Ottawa’s shameful foot-dragging on asbestos, the toxic mineral used as insulation in thousands of schools, apartment buildings and workplaces across the country, seemingly knows no end.
Though 55 countries, including Australia and Britain, have banned the substance in recent years, Canadian asbestos imports are on the rise. Despite international consensus that the carcinogen should be added to the United Nations’ list of hazardous materials, Canada is among the few countries to oppose the move.
The roots of our dangerous obstinacy are political. Successive prime ministers have defended the deadly mineral in the hopes of winning votes in rural Quebec, where asbestos mining was an important industry for more than a century.
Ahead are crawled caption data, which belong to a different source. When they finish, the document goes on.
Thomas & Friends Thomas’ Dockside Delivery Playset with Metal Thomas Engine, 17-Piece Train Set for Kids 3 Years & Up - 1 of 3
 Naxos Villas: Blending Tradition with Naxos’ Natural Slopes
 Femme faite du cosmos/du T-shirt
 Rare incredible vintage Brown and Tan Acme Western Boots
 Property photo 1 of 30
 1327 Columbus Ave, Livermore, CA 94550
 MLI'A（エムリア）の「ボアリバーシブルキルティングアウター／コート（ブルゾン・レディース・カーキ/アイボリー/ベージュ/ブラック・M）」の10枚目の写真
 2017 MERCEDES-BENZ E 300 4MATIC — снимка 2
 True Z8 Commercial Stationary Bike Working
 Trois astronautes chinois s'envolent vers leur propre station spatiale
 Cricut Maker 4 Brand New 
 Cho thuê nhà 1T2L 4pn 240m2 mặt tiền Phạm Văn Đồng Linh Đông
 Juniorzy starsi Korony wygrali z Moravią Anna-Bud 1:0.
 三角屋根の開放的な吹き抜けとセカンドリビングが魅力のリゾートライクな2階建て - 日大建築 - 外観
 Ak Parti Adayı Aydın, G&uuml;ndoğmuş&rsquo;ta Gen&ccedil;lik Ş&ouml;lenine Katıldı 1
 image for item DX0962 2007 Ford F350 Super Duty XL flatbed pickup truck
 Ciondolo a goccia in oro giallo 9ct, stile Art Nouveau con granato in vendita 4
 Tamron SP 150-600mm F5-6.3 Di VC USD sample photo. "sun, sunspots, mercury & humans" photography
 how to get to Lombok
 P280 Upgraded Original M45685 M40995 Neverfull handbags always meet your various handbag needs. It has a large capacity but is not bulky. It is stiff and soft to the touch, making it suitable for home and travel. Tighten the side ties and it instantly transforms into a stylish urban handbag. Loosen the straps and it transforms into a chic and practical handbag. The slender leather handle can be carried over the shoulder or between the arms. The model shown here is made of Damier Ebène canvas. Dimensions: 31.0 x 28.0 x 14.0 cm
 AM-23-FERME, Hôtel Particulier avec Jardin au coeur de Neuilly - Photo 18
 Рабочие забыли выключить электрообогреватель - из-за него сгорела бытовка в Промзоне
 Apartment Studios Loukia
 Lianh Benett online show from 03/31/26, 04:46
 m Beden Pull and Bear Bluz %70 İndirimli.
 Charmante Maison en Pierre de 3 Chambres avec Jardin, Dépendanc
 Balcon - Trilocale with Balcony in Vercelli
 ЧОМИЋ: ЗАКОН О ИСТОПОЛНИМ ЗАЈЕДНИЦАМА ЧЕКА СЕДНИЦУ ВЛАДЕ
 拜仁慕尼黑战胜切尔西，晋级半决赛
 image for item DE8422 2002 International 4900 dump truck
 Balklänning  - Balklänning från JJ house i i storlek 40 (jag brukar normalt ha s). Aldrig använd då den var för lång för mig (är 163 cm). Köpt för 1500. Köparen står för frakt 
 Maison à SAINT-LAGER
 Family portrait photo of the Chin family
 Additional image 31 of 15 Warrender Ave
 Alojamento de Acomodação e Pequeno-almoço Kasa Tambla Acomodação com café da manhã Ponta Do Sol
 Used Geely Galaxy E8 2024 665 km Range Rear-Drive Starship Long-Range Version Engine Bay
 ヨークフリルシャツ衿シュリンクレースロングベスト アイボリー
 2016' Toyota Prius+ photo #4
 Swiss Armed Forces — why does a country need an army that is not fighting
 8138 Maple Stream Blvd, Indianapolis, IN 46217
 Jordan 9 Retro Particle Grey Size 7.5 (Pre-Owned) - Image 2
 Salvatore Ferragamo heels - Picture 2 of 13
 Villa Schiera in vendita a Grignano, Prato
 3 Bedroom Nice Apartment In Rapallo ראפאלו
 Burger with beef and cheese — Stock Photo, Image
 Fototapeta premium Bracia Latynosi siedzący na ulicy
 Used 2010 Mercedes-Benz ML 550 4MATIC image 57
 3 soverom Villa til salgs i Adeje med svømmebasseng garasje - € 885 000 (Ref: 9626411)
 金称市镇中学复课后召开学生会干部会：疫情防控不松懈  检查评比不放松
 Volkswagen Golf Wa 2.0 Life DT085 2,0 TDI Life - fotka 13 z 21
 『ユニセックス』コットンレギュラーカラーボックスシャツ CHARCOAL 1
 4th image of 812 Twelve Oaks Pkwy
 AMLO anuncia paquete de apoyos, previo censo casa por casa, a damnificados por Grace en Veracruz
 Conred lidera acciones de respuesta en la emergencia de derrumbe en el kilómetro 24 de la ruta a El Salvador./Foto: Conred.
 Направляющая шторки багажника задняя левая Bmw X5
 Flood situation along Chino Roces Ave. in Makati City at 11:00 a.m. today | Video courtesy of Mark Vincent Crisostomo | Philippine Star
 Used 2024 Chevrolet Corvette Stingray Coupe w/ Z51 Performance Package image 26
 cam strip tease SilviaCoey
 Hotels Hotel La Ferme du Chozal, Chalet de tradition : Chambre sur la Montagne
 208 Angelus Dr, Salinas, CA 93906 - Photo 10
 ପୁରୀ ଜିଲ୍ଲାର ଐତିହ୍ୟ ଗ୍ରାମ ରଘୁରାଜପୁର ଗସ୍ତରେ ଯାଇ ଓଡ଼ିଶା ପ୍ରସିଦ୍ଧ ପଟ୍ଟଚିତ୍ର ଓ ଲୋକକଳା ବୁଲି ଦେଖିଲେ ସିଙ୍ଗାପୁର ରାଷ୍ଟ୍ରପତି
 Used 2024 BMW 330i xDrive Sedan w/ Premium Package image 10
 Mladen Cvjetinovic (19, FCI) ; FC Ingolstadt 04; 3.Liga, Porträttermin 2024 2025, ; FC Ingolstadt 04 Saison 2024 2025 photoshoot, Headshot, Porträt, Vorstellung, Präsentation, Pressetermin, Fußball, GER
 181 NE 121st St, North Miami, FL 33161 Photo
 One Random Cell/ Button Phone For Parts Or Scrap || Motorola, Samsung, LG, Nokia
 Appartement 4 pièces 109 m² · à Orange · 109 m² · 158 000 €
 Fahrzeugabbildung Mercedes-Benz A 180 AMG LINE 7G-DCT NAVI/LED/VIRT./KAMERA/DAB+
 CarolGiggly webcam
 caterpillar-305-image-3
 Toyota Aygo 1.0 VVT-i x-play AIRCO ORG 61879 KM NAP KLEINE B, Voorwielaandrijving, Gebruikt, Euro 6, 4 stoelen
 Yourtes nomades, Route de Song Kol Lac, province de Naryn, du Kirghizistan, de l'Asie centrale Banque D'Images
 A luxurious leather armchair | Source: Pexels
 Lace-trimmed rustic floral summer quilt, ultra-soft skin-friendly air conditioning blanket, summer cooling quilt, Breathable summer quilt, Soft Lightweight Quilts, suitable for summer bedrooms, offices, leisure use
Only last summer, three years after the last of Quebec’s mines shut down amid dwindling demand, did Ottawa finally acknowledge that “asbestos, if inhaled, can cause cancer and other diseases.”
Earlier this year, Prime Minister Justin Trudeau announced that Canada was at last “moving to ban asbestos” because “its impact on workers far outweighs any benefits that it might provide.” This welcome promise prompted fanfare from health advocates and vulnerable workers who know all too well how devastating that impact can be.
Yet in recent weeks the Trudeau government has cast doubt on its commitment to this necessary and overdue ban. Asked for an update by the Globe and Mail earlier this month, the Prime Minister’s Office hedged. Ottawa is “reviewing its strategy on asbestos, including a potential ban,” the spokesperson wrote.